Since the time I have hosted this blog on WordPress, I am looking for patterns and tweaks to optimize my bandwidth consumption. Most hosting providers charge you for your bandwidth, so it is always a good idea to see where you can cut down on bandwidth consumption.
When I say optimize I don’t mean reducing size unnecessarily. A good theme with good content in it is definitely going to add to the user experience of visitors to your site and that shouldn’t come in the way of bandwidth optimization. A lot of these points are closely related to the SEO of your site.
So here are some things you can do to optimize the bandwidth.
- Ensure that you have a /favicon.ico
A lot of browsers just expect this file to be there, and make a request for it. If you don’t have this file, then your site throws a 404 error and adds that much to your bandwidth (depending on the page size of your 404 page) on each request.
- Make sure your 404 pages are not bulky
You never know how crawlers function. If you have a URL like http://example.com/categorty/postname/post-id, many crawlers make requests for each of the sub-levels. Ex: it expects to see something at http://example.com/category/postname, http://example.com/category and so on.
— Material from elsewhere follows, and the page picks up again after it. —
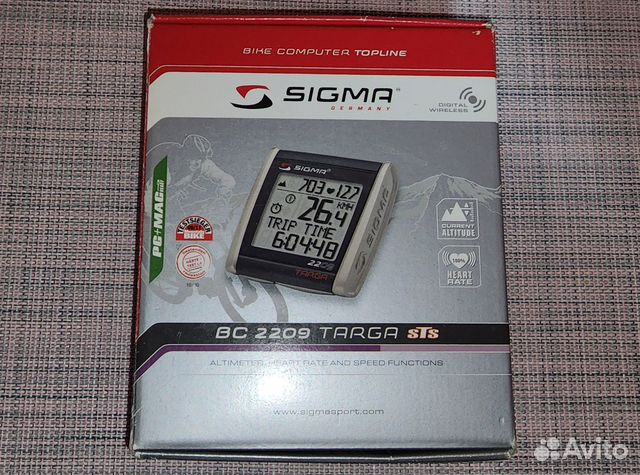 Велокомпьютер Sigma Sport BC 2209 Targa, Б/у купить в Москве | Авито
So either have some content there, or make a 301 redirect to a good URL or just make sure your 404 pages are small and informative.
- Look for the bad bots
If you have a lot of content on your site, then you might want to consider who should be allowed to crawl your site and who shouldn’t. A simple way to do this is to use the Robots Exclusion protocol (robots.txt) and add entries for those who you don’t want crawling your site. Now, this does not necessarily mean you disallow everyone. Look for patterns. I have seen a few bots that don’t give you any SEO benefit, in other words, you don’t see any page views from those search engines, so I have tried blocking them while still keeping the less famous ones that don’t take up too much bandwidth.
- Block the bad bots
This is kind of related to the previous point. Sometimes there are a few bots that don’t stop crawling your site, inspite of the agent being added to robots.txt. In this case, you can block the IP range for these bots. A simple way to find out the IP range is to use the botsvsbrowsers site and then denying the whole range of IP addresses. You can easily find out the range of IP addresses by looking at your access logs or recent visit statistics.
- Use a feed proxy
Even if you have a post update period of a day, you see bots hitting you at a frequent interval (sometimes as less as 5 minutes). The simplest solution for this is to use a feed proxy like Feedburner. Not only will they proxy your feed for you, they also give you good graphs of the feed accesses and the number of readers you have.
- Be on the lookout for patterns
Most of the times you see patterns in your visitor accesses. There are a few keyphrases for which you rank high and people reach your site. Now, you could either drown the visitor with everything you have, or you could show the visitor exactly what he/she is looking for. That way, you keep the content short and precise and also save up on bandwidth. A simple thing like using the sidebar selectively on your pages is a good place to start.
- Make sure there is no duplicate content
Sometimes it so happens that you make a copy of the content and update one of them, while keeping the old one. If the old content has already been indexed, then you provide the crawlers with 2 different URL’s which have very similar content. This is bad both in terms of bandwidth usage as well as for your site SEO.
- Use nofollow on links that you don’t want to be followed
Crawlers read the robots.txt files only once per session (or lesser). So if you see a particular URL taking up too much bandwidth and you want to limit the crawl, a better thing to do is to use a ‘nofollow‘ on the links, so that subsequent requests are not crawled.
- Be aware of the tags you use
While stuffing your pages with a lot of tags can help in dumb SEO, be aware of the fact that visitors reaching your site via these keywords may not necessarily find what they want. This not only increases the bounce rate of the site but also unnecessarily adds to the bandwidth consumption.
- Decrease the crawl speed
If it is Google that is taking up a lot of your bandwidth, you can use Google Webmaster Tools to reduce the crawl speed of the bot.
- Reduce homepage clutter
The homepage is often the most frequently visited site. Depending on the bounce rate of your site, it makes sense to reduce the clutter in your homepage and keep only those features that are often visited.
- Smush the images, compress the CSS/JS
A very interesting way to reduce the bandwidth consumption is to reduce the size of the content that is returned. YSlow gives some interesting tips, including, reduced number of HTTP requests, use of CDN, use of expires header, GZIP compression, use of ETags, compression of CSS, JS and images. In order to compress the CSS files, you can use a CSS compressor, for JS there are JS compressors, and for images there is Smush It.
As you can see, there are quite a few things you can do to optimize the bandwidth consumption.